1st Governor of the Autonomous Region in Muslim Mindanao
- In office July 6, 1990 – 1993
- Vice Governor: Benjamin Loong
- Preceded by: Office established
- Succeeded by: Lininding Pangandaman

Governor of Maguindanao
- In office 1995 – June 30, 2001
- Preceded by: Norodin Matalam
- Succeeded by: Andal Ampatuan Sr.
- In office April 5, 1986 – July 6, 1990 acting from 1986–1989
- Preceded by: Sandiale Sambolawan
- Succeeded by: Norodin Matalam
- In office 1975 – April 1, 1977
- Preceded by: Simeon Datumanong
- Succeeded by: Sanggacala M. Baraguir

Personal details
- Party: Lakas–CMD

= Zacaria Candao =

Filipino politician

Datu Zacaria A. Candao is a Filipino politician who served as the first governor of the Autonomous Region in Muslim Mindanao (ARMM).

==Career==
===Maguindanao governor (until 1977)===
Zacaria Candao became the second governor of the Maguindanao province succeeding Simeon A. Datumanong. He resigned on April 1, 1977. Sultan Kudarat Municipal Mayor Sanggacala M. Baraguir was appointed by then President Ferdinand Marcos to succeed Candao.

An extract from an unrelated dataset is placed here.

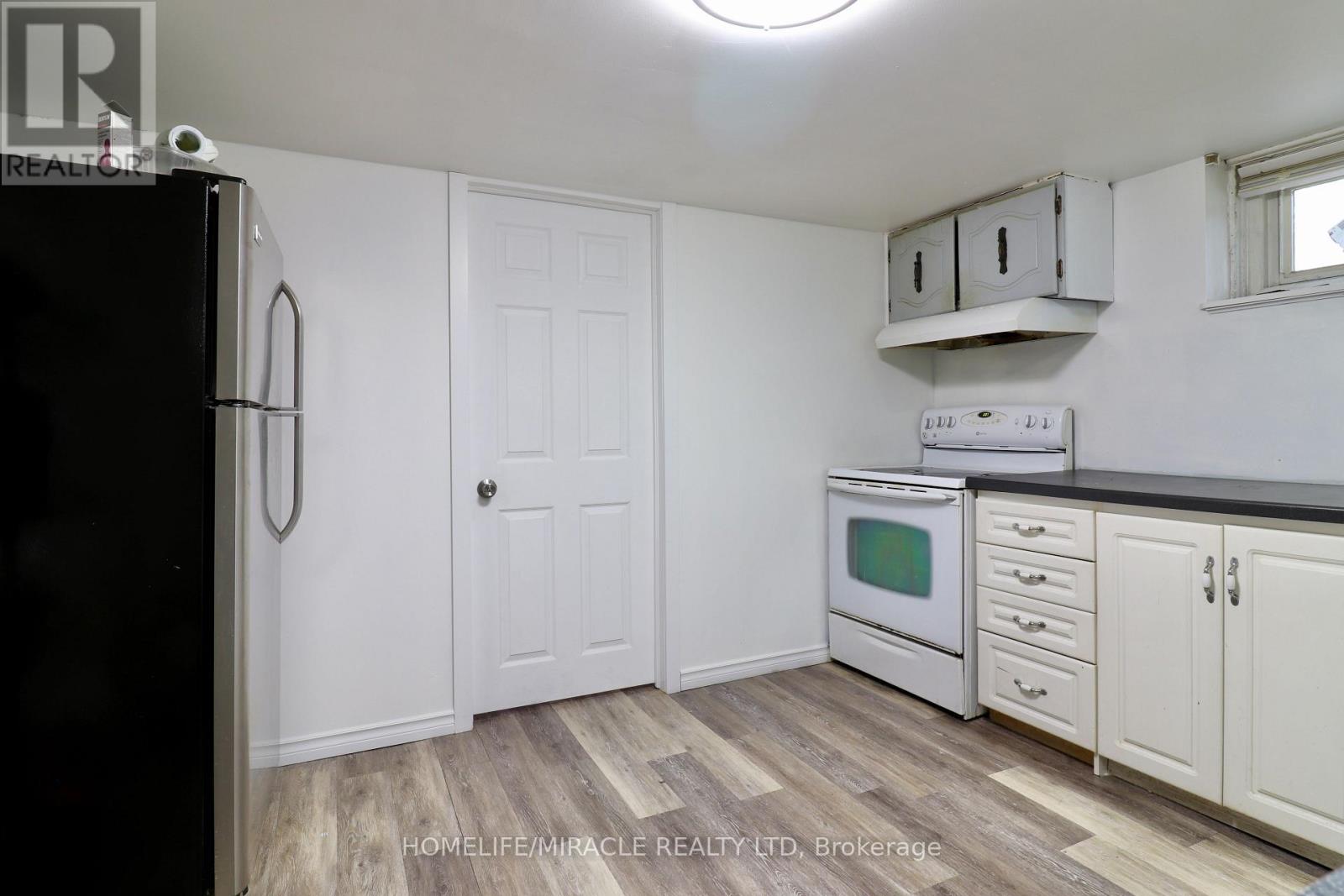 80 ROSEVIEW AVENUE - 35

===Events leading to the 1986 People Power Revolution===
During the 1986 Philippine presidential snap election, Candao supported the candidacy of Corazon Aquino as provincial chairman of the Maguindanao and Cotabato City chapter of the United Nationalist Democratic Organization, an opposition party which is against the administration of then-incumbent President Ferdinand Marcos. He linked the interests of Muslim Filipinos in the UNIDO platform and facilitated the defection of Filipino Muslim politicians who were part of Kilusang Bagong Lipunan, the ruling party, to UNIDO. Marcos contested win over the 1986 elections later led to his ouster in the People Power Revolution of February 1986 which saw Corazon Aquino installed as President of the Philippines.

===Maguindanao governor (1986–1990)===
After the People Power Revolution, Candao was appointed as acting governor of Maguindanao on April 5, 1986 by then President Corazon Aquino. He was also the acting chairman of the Executive Council of the Regional Autonomous Government for Central Mindanao. Candao was elected as Maguindanao's governor in 1989, he later resigned to run as governor of the then-newly created Autonomous Region in Muslim Mindanao and was succeeded by Vice Governor Norodin Matalam as Maguindanao governor.

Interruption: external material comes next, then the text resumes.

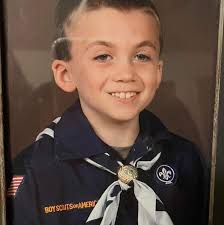 Where to find affordable firewood for camping near Lisbon?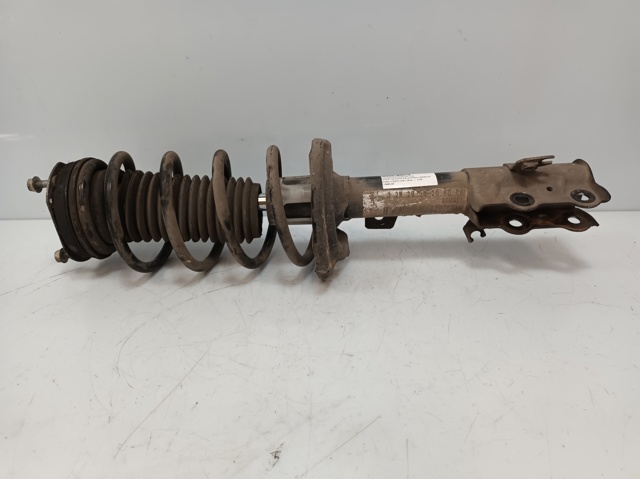 8V5118045CC Ford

===As ARMM governor (1990–1993)===
Candao participated in ARMM's first gubernatorial elections on February 12, 1990 and was elected as the autonomous region's first governor. He officially assumed the post months later on July 6, 1990. He vied for a second term in the 1993 March elections but lost to Lininding P. Pangandaman.

===Maguindanao governor (1995–2001)===
After being the ARMM regional governor, Candao ran again for the post of Governor of Maguindanao in 1995. He was successful and won re-election in 1998. He lost to Andal Ampatuan Sr. in the 2001 elections.

==Embezzlement case==
The Sandiganbayan found Candao along his brother and executive secretary Abas Candao guilty of nine counts of malversation in October 2008 sentencing him to 162 years of prison (18 years per count) for embezzling of public funds. Then-state auditor Heidi Mendoza led a team that discovered the unlawful release of 52 checks from December 1992 to March 1993. Candao filed a motion for consideration before the Supreme Court on October 19, 2011 to reverse the guilty verdict. The high court however upheld the decision in early 2012 after it found "no compelling reason" for the petition.